A Markov chain is a stochastic process that goes exactly one step beyond IID. The variables become dependent, but in a very special, tractable way.

Classification of stochastic processes

Indexing a sequence by time gives $X_0, X_1, X_2, \ldots$ A process can be classified along two axes:

Axis	Discrete	Continuous
Time	$n$ a non-negative integer ($X_0, X_1, \ldots$)	$X_t$ for continuous $t$
Space	each $X$ takes finitely / countably many values	each $X$ takes values in a continuous space (e.g., any real)
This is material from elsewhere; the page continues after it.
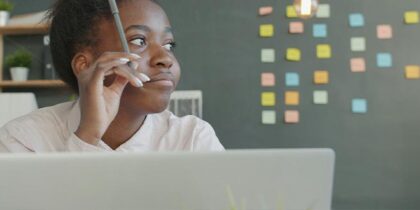 A woman in office at a laptop, looking off to the right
Stat 110 studies only discrete-time, discrete-space chains, and further assumes finitely many states to keep things simple. (For continuous-time and continuous-space processes, the suggested follow-up is Stat 171.) Think of $X_n$ as the state of a system at time $n$ — a particle wandering randomly from state to state.

The Markov property

Number the states $1$ to $M$ (a convention, not a requirement). Predicting tomorrow, $X_{n+1} = j$, in general requires the entire past history:

$$P(X_{n+1} = j \mid X_n = i,\ X_{n-1} = i_{n-1},\ \ldots,\ X_0 = i_0)$$

For a general stochastic process this conditional probability can be hopelessly complicated. The Markov property says that only the most recent state matters — everything further back can be discarded.

The Markov Property

$$P(X_{n+1} = j \mid X_n = i,\ X_{n-1} = i_{n-1},\ \ldots,\ X_0 = i_0) = P(X_{n+1} = j \mid X_n = i)$$

How to remember it

The past and future are conditionally independent given the present. Once you know the current state $X_n$, anything older is obsolete, outdated information.

A subtlety about conditional independence: this does not say the past and future are independent outright. If you were given $X_{n-1}$ but not $X_n$, you could not discard $X_{n-1}$ — it is only obsolete given the present.
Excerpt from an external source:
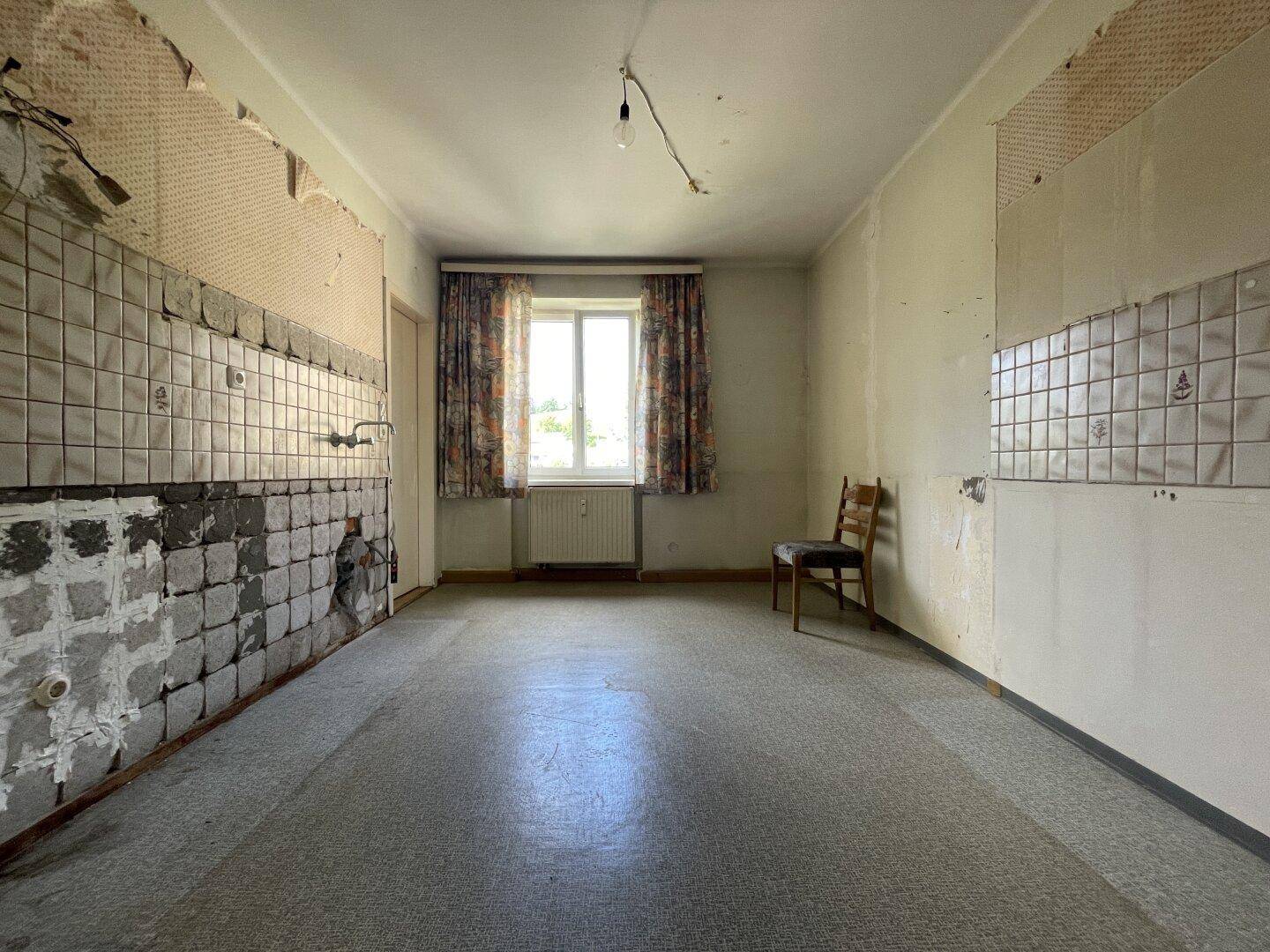 Leere Küche vor der Renovierung mit alten Fliesen und einem Fenster.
Homogeneity and transition probabilities

We further assume the one-step probability does not depend on the time $n$. Write it as

$$q_{ij} = P(X_{n+1} = j \mid X_n = i)$$

This is the transition probability from state $i$ to state $j$. A chain whose transition probabilities don't change with time is called homogeneous (or time-homogeneous). The word "homogeneous" is often dropped, so judge from context. Stat 110 studies only homogeneous chains.

· · ·

2. A Concrete Four-State Example

It helps to keep a small picture in mind. Consider a chain with four states drawn as ovals, with arrows labeled by transition probabilities:

From state 1: stays at 1 with probability $\frac{1}{3}$, goes to 2 with probability $\frac{2}{3}$.
From state 2: goes to 1 or to 3, each with probability $\frac{1}{2}$.
From state 3: always goes to 4 (probability $1$).
From state 4: goes to 1 with probability $\frac{1}{2}$, to 3 with probability $\frac{1}{4}$, stays at 4 with probability $\frac{1}{4}$.
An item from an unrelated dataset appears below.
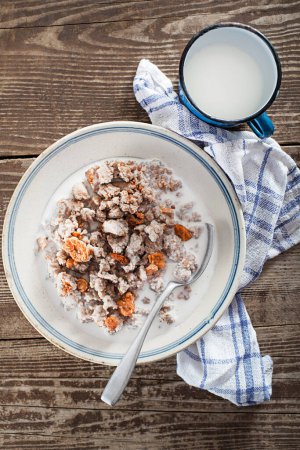 Photo for Slovenian traditional dish buckwheat mush served with pan-fried pork cracklings and lard, bowl warm milk close up shoot - Royalty Free Image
It is usually not possible to go from any state to any state in one step (e.g., 1 cannot reach 3 or 4 in a single step — though it can in more steps). With finitely many states you can always draw such a picture: a particle bouncing between states along the arrows.

The picture in words

To predict the future, all that matters is the current state. It does not matter how the particle got there — the long history of wanderings is irrelevant; only where it is now counts.

· · ·

3. The Transition Matrix

The same information can be encoded as a matrix $Q$ (the transition matrix), often more convenient than redrawing the picture. The $(i, j)$ entry is $q_{ij}$, the probability of jumping from $i$ to $j$ in one step. For the example above:

$$Q = \begin{pmatrix} 1/3 & 2/3 & 0 & 0 \\ 1/2 & 0 & 1/2 & 0 \\ 0 & 0 & 0 & 1 \\ 1/2 & 0 & 1/4 & 1/4 \end{pmatrix}$$

Notice that every row sums to 1: starting from a given state, the chain must go somewhere. (Some authors use the transpose convention, in which columns sum to 1; this course writes rows summing to 1.) Columns may or may not sum to 1.

Valid transition matrix

Write down any square matrix with non-negative entries whose rows each sum to 1. Every such matrix corresponds to a Markov chain and can be converted back to an arrow picture.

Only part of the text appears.